- **Aim of the exercise**
Below, find the line containing "Carlsons 07779 Delta"; from there to the final line, print every line exactly and skip the pictures.

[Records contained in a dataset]
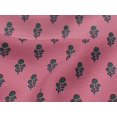 thumbnail image 4 of oneOone Viscose Jersey Fabric Leaves & Floral Block Decor Fabric Printed BTY 60 Inch Wide, 4 of 5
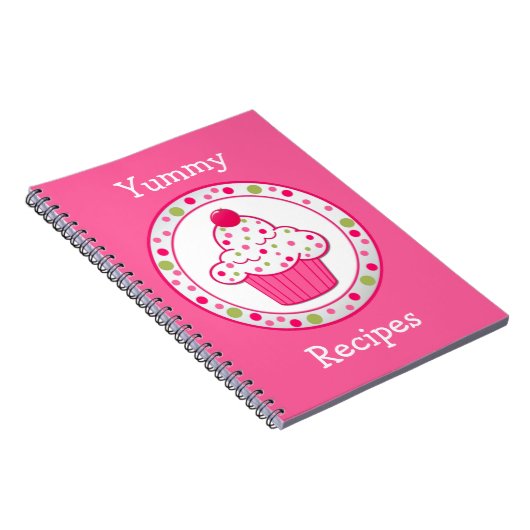 Whimsical Pink Rezept Notebook Notizblock (Rechte Seite)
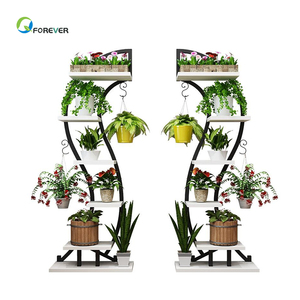 <span class=keywords><strong>Support</strong></span> à plantes en <span class=keywords><strong>fer</strong></span> <span class=keywords><strong>forgé</strong></span> à plusieurs niveaux, <span class=keywords><strong>support</strong></span> de fleurs de maison, salon, offre spéciale - Product Image 6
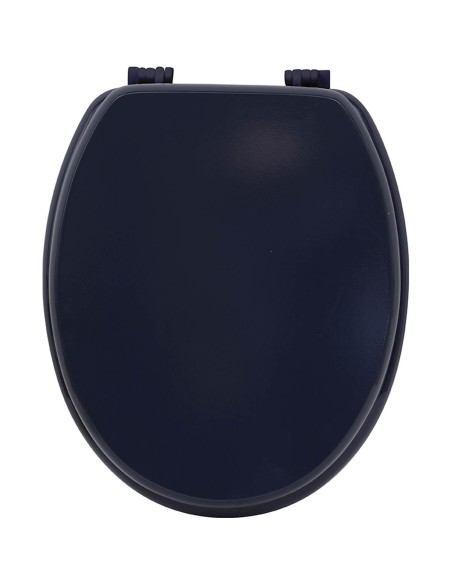 4101n118 - abattant wc mdf 18 pouces attaches plastiques - bleu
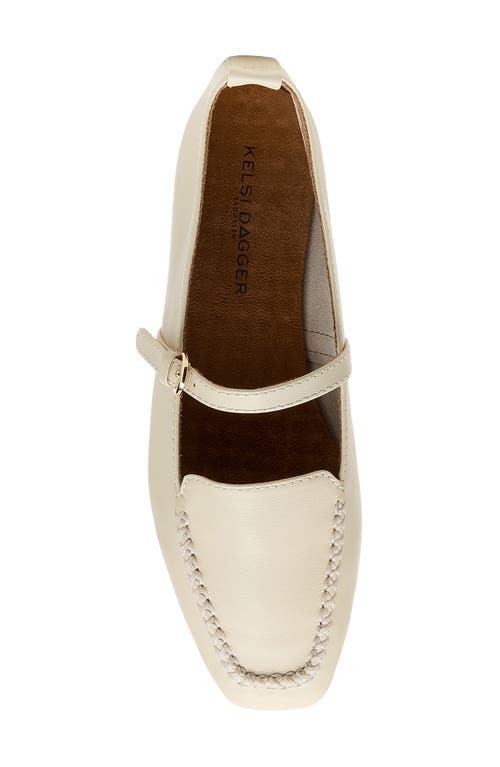 Kelsi Dagger Brooklyn Ferry Mary Jane Loafers In Sand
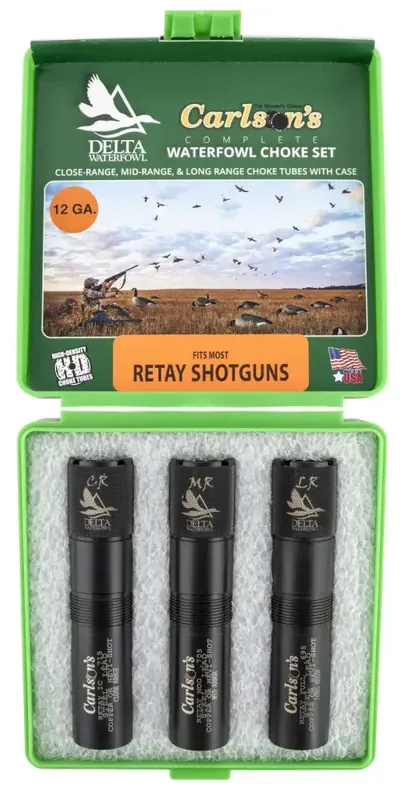Carlsons 07779 Delta Waterfowl Retay 12 Gauge Close-Range/Mid-Range/Long-Range 17-4 Stainless Steel Black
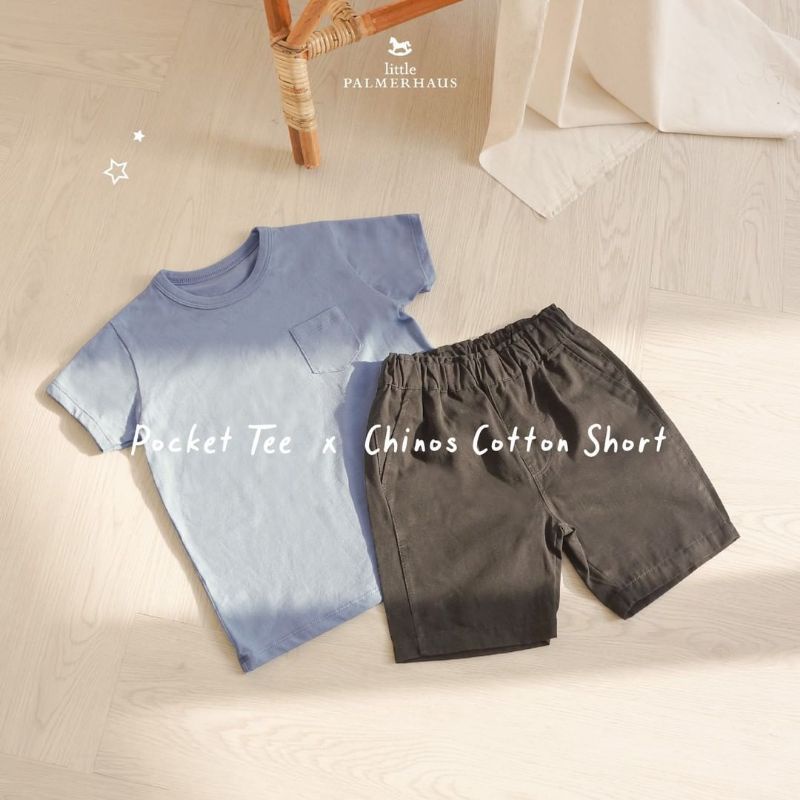 Little Palmerhaus CHINOS Cotton Short / Celana Pendek Kain &amp; Denim Jeans Anak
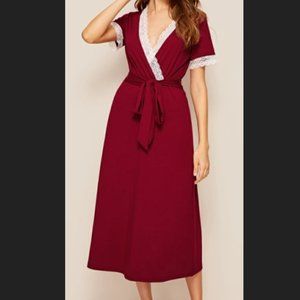 Neck Belted Nightdress gown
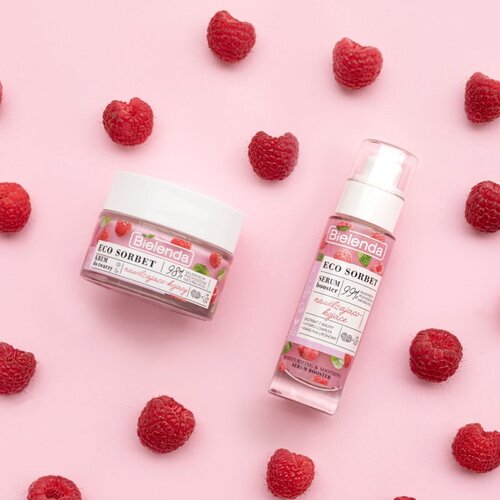 Bielenda Eco Sorbet Raspberry vlažilna in pomirjujoča krema za obraz 50 ml Slike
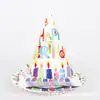 Novas Velas de Aniversário Infantis com Letras Tema Branco Decoração Atmosférica Suprimentos para Festivais Conjuntos de Festa Europeus e Americanos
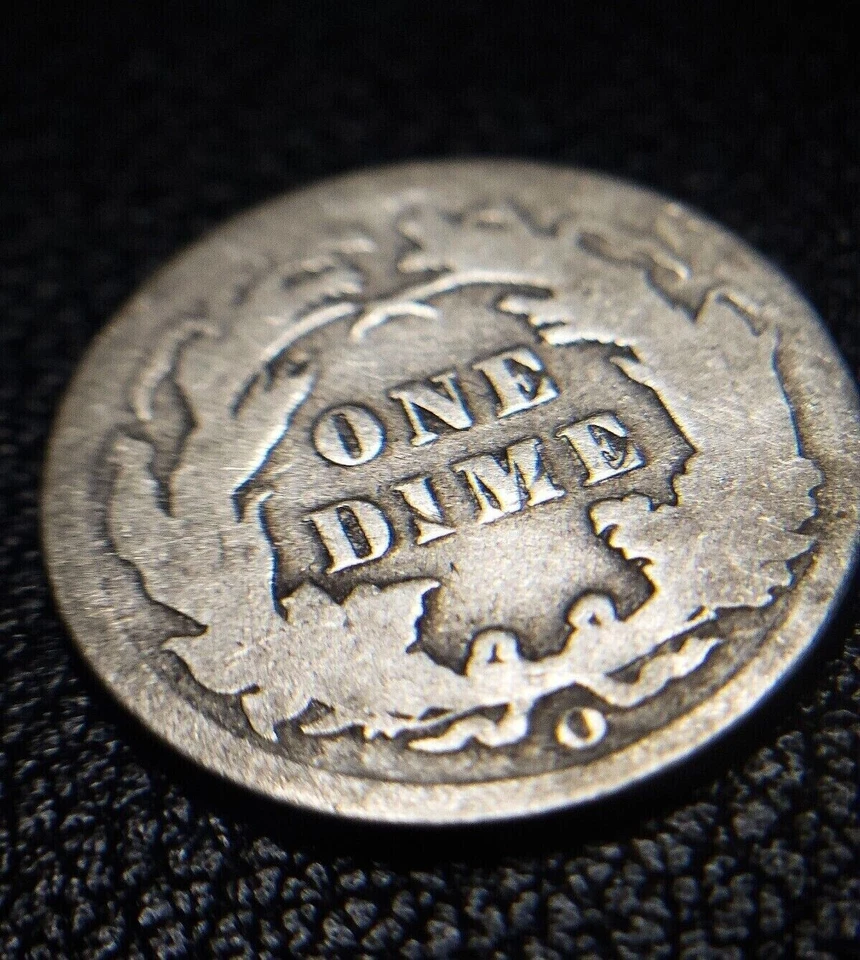 1891 O Seated Liberty Dime: Final Year / Error on Reverse "i" In Dime! - Image 4 of 4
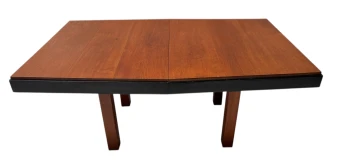 Art Deco Modernist Extending Dining Room Table by Toko v/d Pol Semarang, 1920s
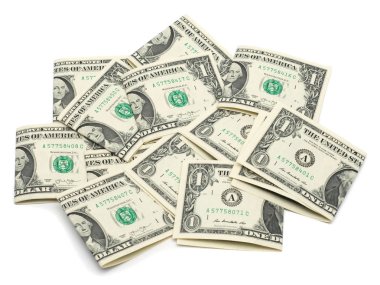Banknotların bir izole dolar 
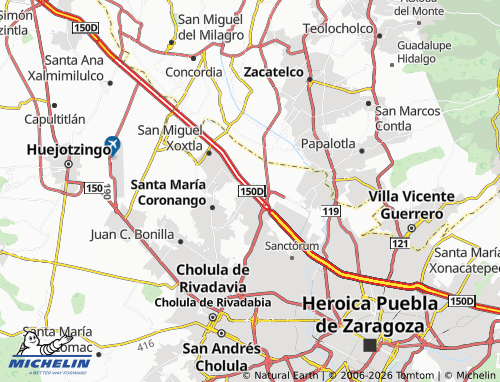 Mappa MICHELIN San Francisco Ocotlán - ViaMichelin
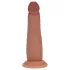 RealRock - realistische dildo met dubbele dichtheid (gebruind) - 15,5 cm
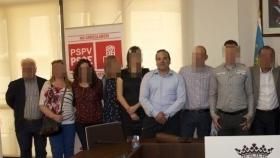 Gerardo Vivó en la presentación de la lista municipal del PSOE de Massalfassar en 2015.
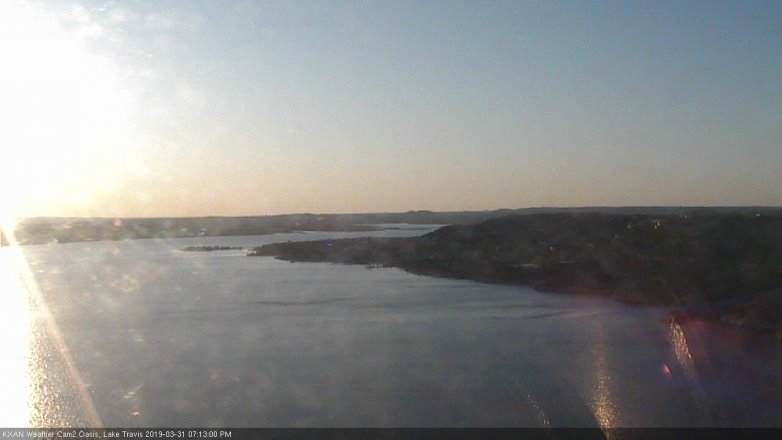 Lake Travis webcam, March 31, 2019 6:15 PM CT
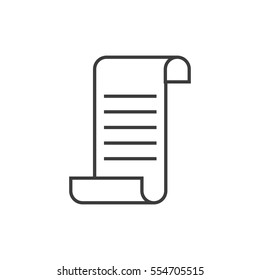 Receipt Icon. Sign Design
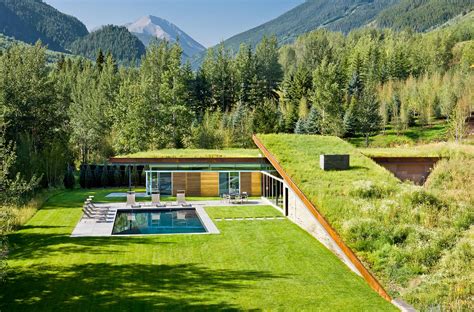 Camouflaged in a Cloak of Green: Majestic Eco-Friendly House in the ...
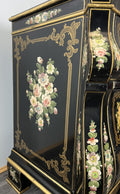 Cabinet Vintage French Style Painted Floral 3 Drawer Chest Sideboard LOT 439712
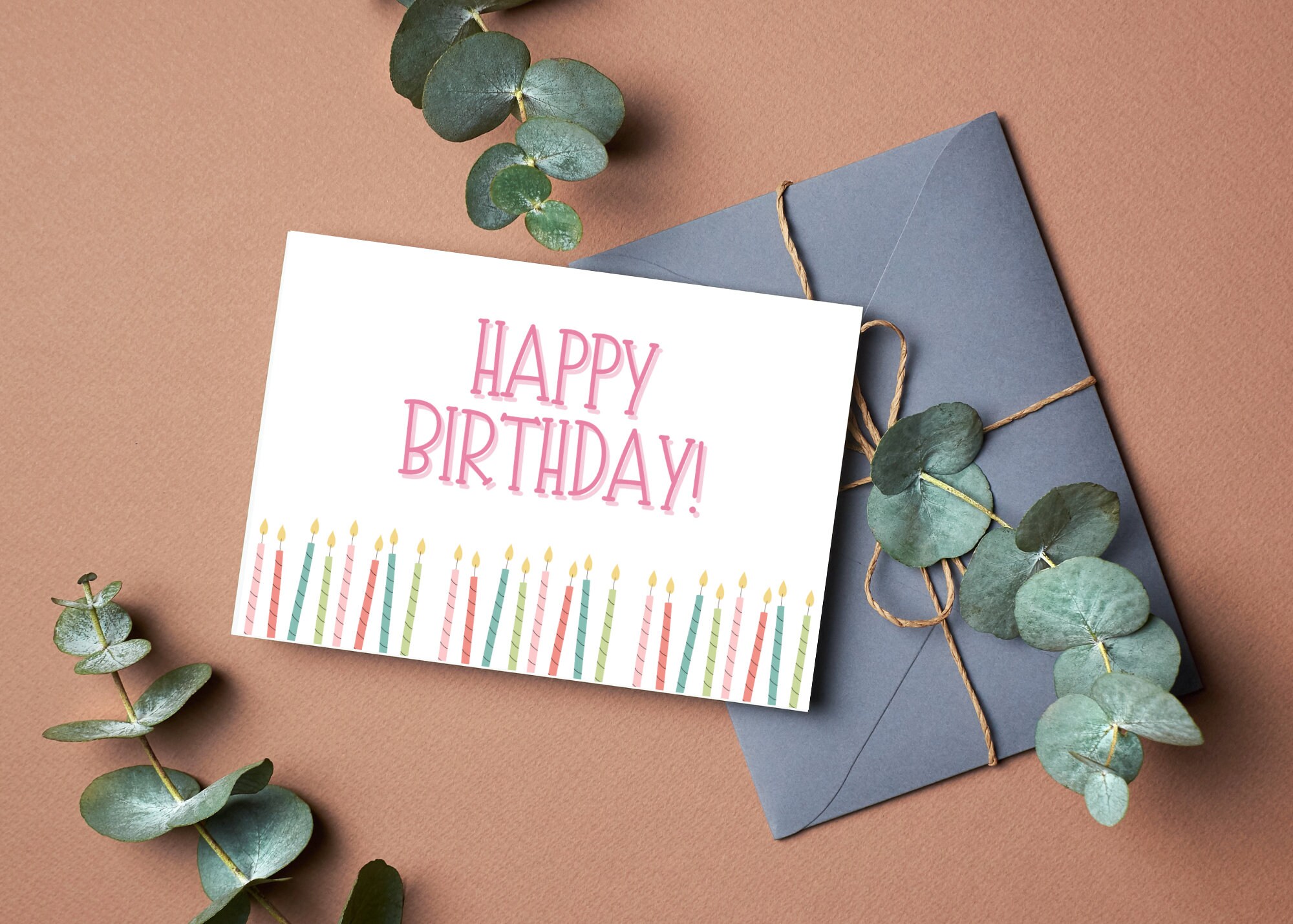 Simply Printable Birthday Card Etsy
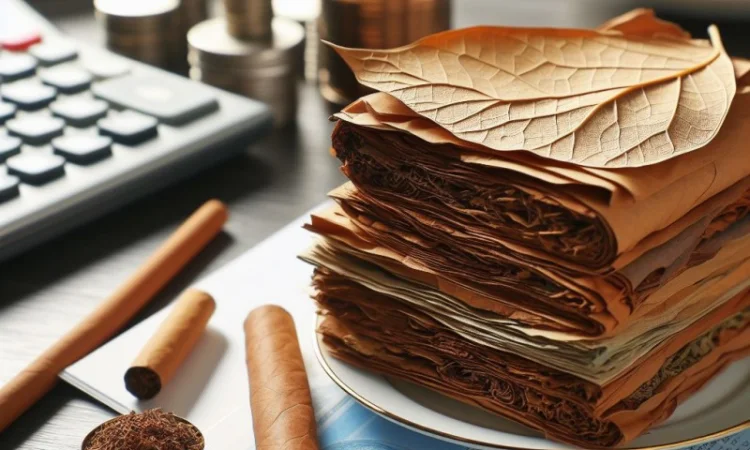 Для крафтових виробів - тютюновий лист - фото № 1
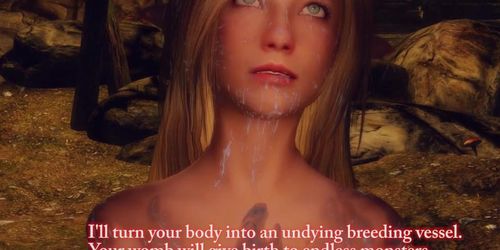 [skyrim Monster Hentai] Vampire Thrall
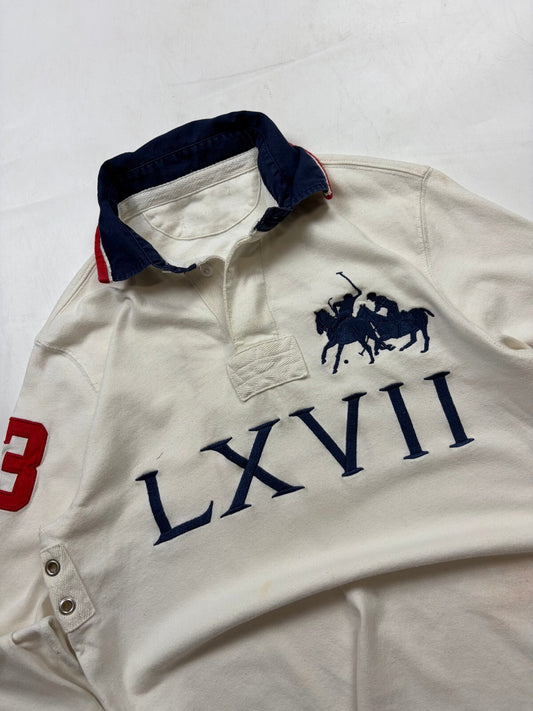 Vintage Ralph Lauren crest rugby polo shirt (M)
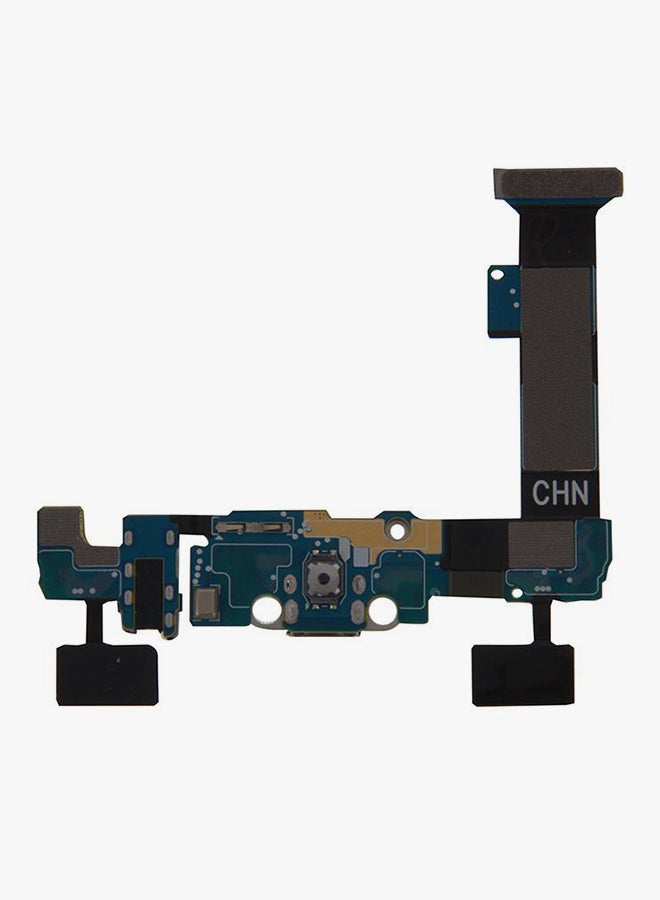 Charging Port Flex Cable For Samsung Galaxy S6 Edge+/G9280 Black/Blue - Image 2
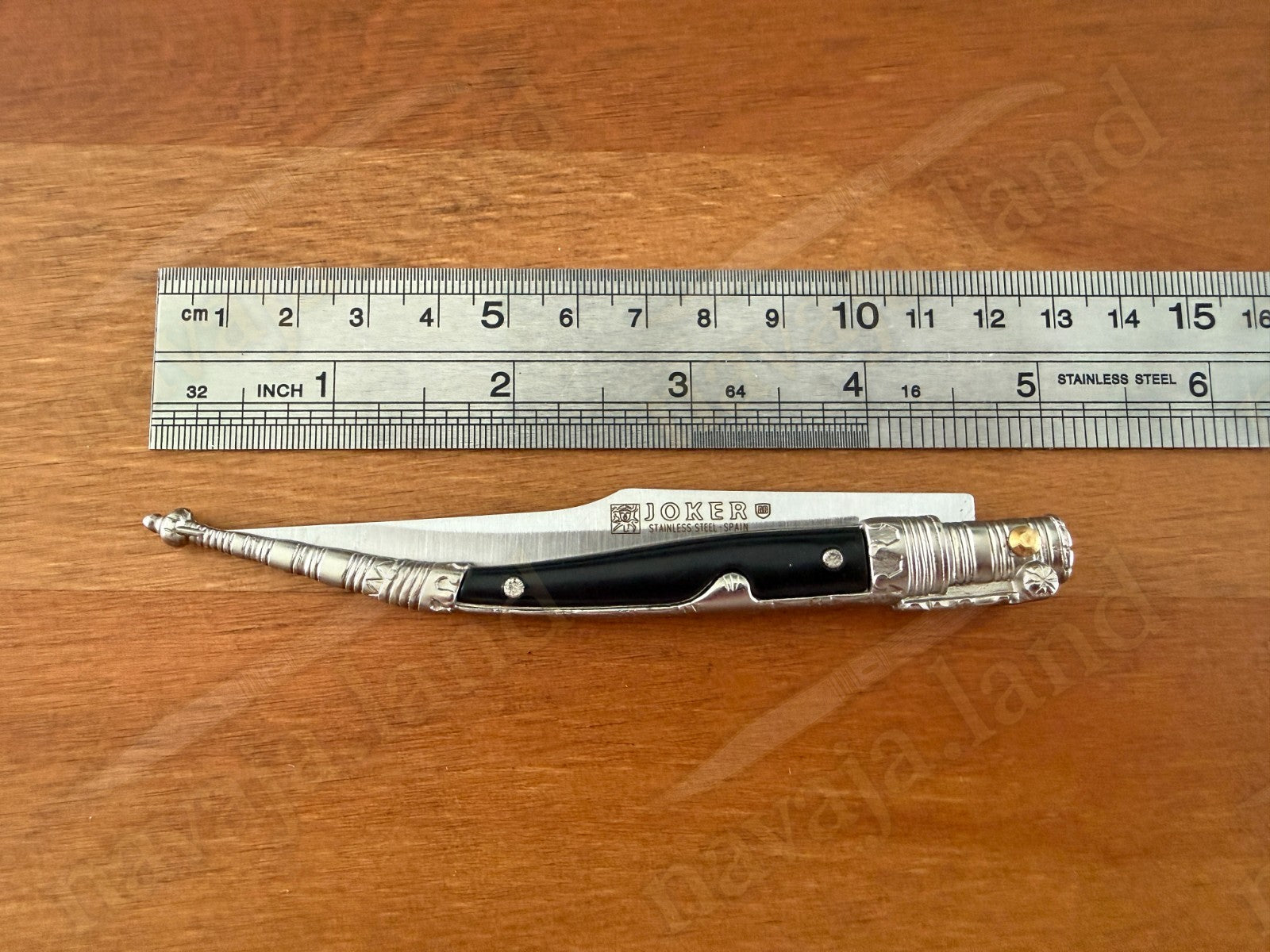 4.1” Albacete Navaja Joker Stiletto Knife Zamak Handle Handmade Slipjoint Spain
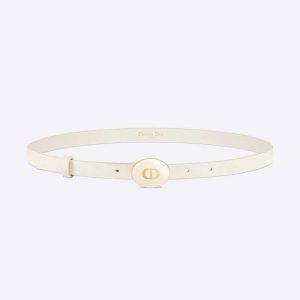 Dior Women Teddy-D Belt Smooth Calfskin-15 MM-white
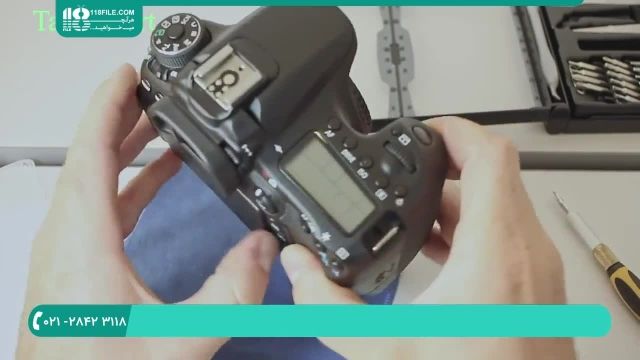 آموزش تعمیر دوربین عکاسی :: بررسی چیپ گرافیک شامل عیب یابی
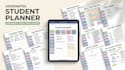 design hyperlinked goodnotes student planner with assignment and exam tracker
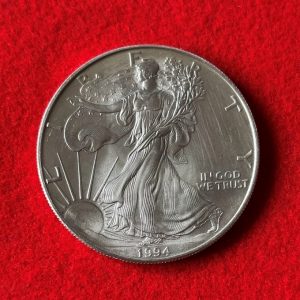 1994 AMERICAN EAGLE SILVER DOLLAR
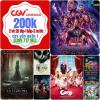 Ảnh Combo 2 vé 2d vip 1 bắp lớn 2 nước lớn tại các CGV gần quận 1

- **Finished exercise**
Carlsons 07779 Delta Waterfowl Retay 12 Gauge Close-Range/Mid-Range/Long-Range 17-4 Stainless Steel Black
 Little Palmerhaus CHINOS Cotton Short / Celana Pendek Kain &amp; Denim Jeans Anak
 Neck Belted Nightdress gown
 Bielenda Eco Sorbet Raspberry vlažilna in pomirjujoča krema za obraz 50 ml Slike
 Novas Velas de Aniversário Infantis com Letras Tema Branco Decoração Atmosférica Suprimentos para Festivais Conjuntos de Festa Europeus e Americanos
 1891 O Seated Liberty Dime: Final Year / Error on Reverse "i" In Dime! - Image 4 of 4
 Art Deco Modernist Extending Dining Room Table by Toko v/d Pol Semarang, 1920s
Banknotların bir izole dolar 
 Mappa MICHELIN San Francisco Ocotlán - ViaMichelin
 RealRock - realistische dildo met dubbele dichtheid (gebruind) - 15,5 cm
 Gerardo Vivó en la presentación de la lista municipal del PSOE de Massalfassar en 2015.
 Lake Travis webcam, March 31, 2019 6:15 PM CT
 Receipt Icon. Sign Design
 Camouflaged in a Cloak of Green: Majestic Eco-Friendly House in the ...
 Cabinet Vintage French Style Painted Floral 3 Drawer Chest Sideboard LOT 439712
 Simply Printable Birthday Card Etsy
 Для крафтових виробів - тютюновий лист - фото № 1
 [skyrim Monster Hentai] Vampire Thrall
 Vintage Ralph Lauren crest rugby polo shirt (M)
 Charging Port Flex Cable For Samsung Galaxy S6 Edge+/G9280 Black/Blue - Image 2
 4.1” Albacete Navaja Joker Stiletto Knife Zamak Handle Handmade Slipjoint Spain
 Dior Women Teddy-D Belt Smooth Calfskin-15 MM-white
 آموزش تعمیر دوربین عکاسی :: بررسی چیپ گرافیک شامل عیب یابی
 design hyperlinked goodnotes student planner with assignment and exam tracker
 1994 AMERICAN EAGLE SILVER DOLLAR
 Ảnh Combo 2 vé 2d vip 1 bắp lớn 2 nước lớn tại các CGV gần quận 1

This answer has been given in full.